§ Recorded information:
Start of Block

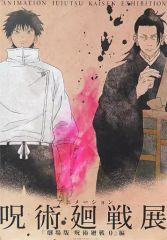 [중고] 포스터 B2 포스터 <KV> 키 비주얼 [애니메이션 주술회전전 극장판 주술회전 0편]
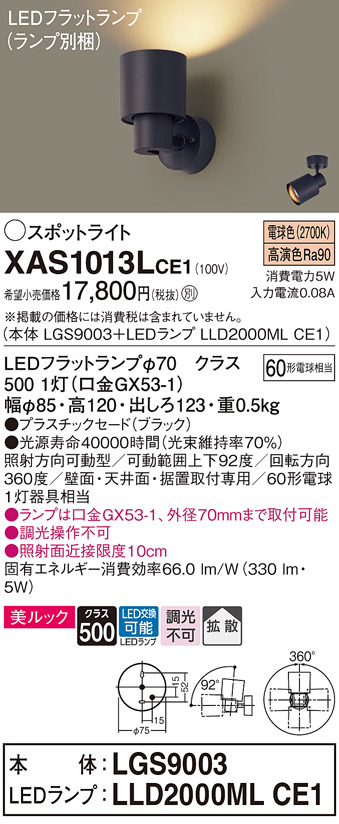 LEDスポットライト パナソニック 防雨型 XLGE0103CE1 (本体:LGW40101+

End of Block
Start of Block

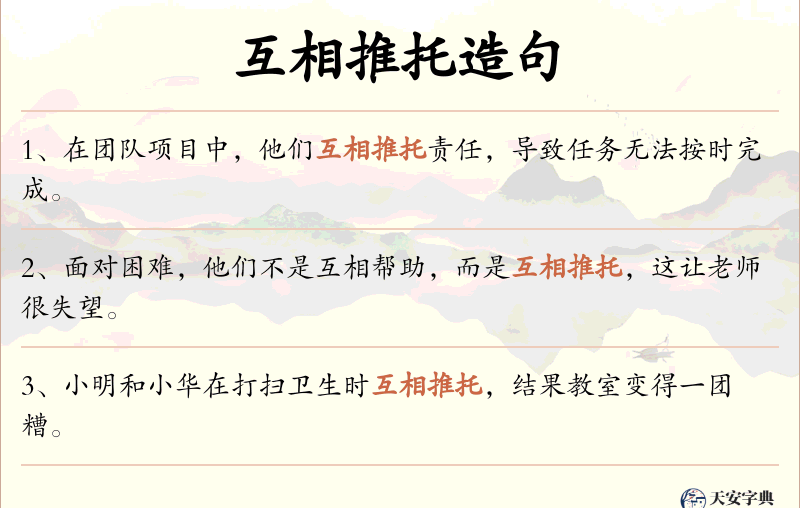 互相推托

End of Block

§ Exercise aim:
Using the records above, return word for word the lines that begin at the one containing "[중고] 포스터 B2" and end at the one containing "LEDスポットライト パナソニック 防雨型", both of them included and no pictures.

§ Response area:
 [중고] 포스터 B2 포스터 <KV> 키 비주얼 [애니메이션 주술회전전 극장판 주술회전 0편]
 LEDスポットライト パナソニック 防雨型 XLGE0103CE1 (本体:LGW40101+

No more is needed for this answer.